Google and T-Mobile ask U.S. ITC not to ban HTC’s Android devices as requested by Apple

“After a federal court accepted Verizon’s and T-Mobile’s amicus curiae briefs in support of Samsung against Apple’s request for a US-wide preliminary injunction against four Android-based devices, a new round of please-don’t-ban-letter-writing took place yesterday with Google and, again, T-Mobile making a public interest argument against an Apple complaint,” Florian Mueller reports for FOSS Patents.

“The maker of Android and the iPhone-less carrier responded to the ITC’s routine request for input on public interest considerations that might dissuade the U.S. trade body from imposing an import ban on HTC’s Android-based devices in the event that an ongoing review affirms in whole or in part an Administrative Law Judge’s initial determination that HTC’s Android devices infringe two Apple patents,” Mueller reports. “The ITC is currently on a December 6, 2011 deadline for its decision on this matter.”
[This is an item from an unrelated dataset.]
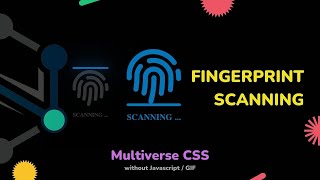 Tutorial : Fingerprint Scanner // Multiverse CSS without Javascript, GIF // SUNNY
Mueller reports, “Both [Google and T-Mobile] are profoundly concerned about the impact of an import ban against HTC on Android as whole, and point to Apple’s enforcement activities against Samsung and Motorola (at the ITC and in federal courts) in this context. T-Mobile asks the ITC to deny an import ban even if an infringement is found. As a second-best alternative, T-Mobile would like the ITC to ‘allow a four-to-six month transition period […] so that T-Mobile and the rest of the industry could change to other devices without harming U.S. consumers.’ Google doesn’t propose a transition period: it categorically opposes a ban.”

Read more in the full article here.

MacDailyNews Take: Basic logic dictates that those who stole the IP in the first place are the ones who put U.S. consumers at “harm,” if “harm” is defined as causing less- or non-informed consumers to get real iPhones with a quality ecosystem and proven security instead of half-assed imitations. Apple should’t be punished for having been and continuing to be ripped off for one second longer than need be.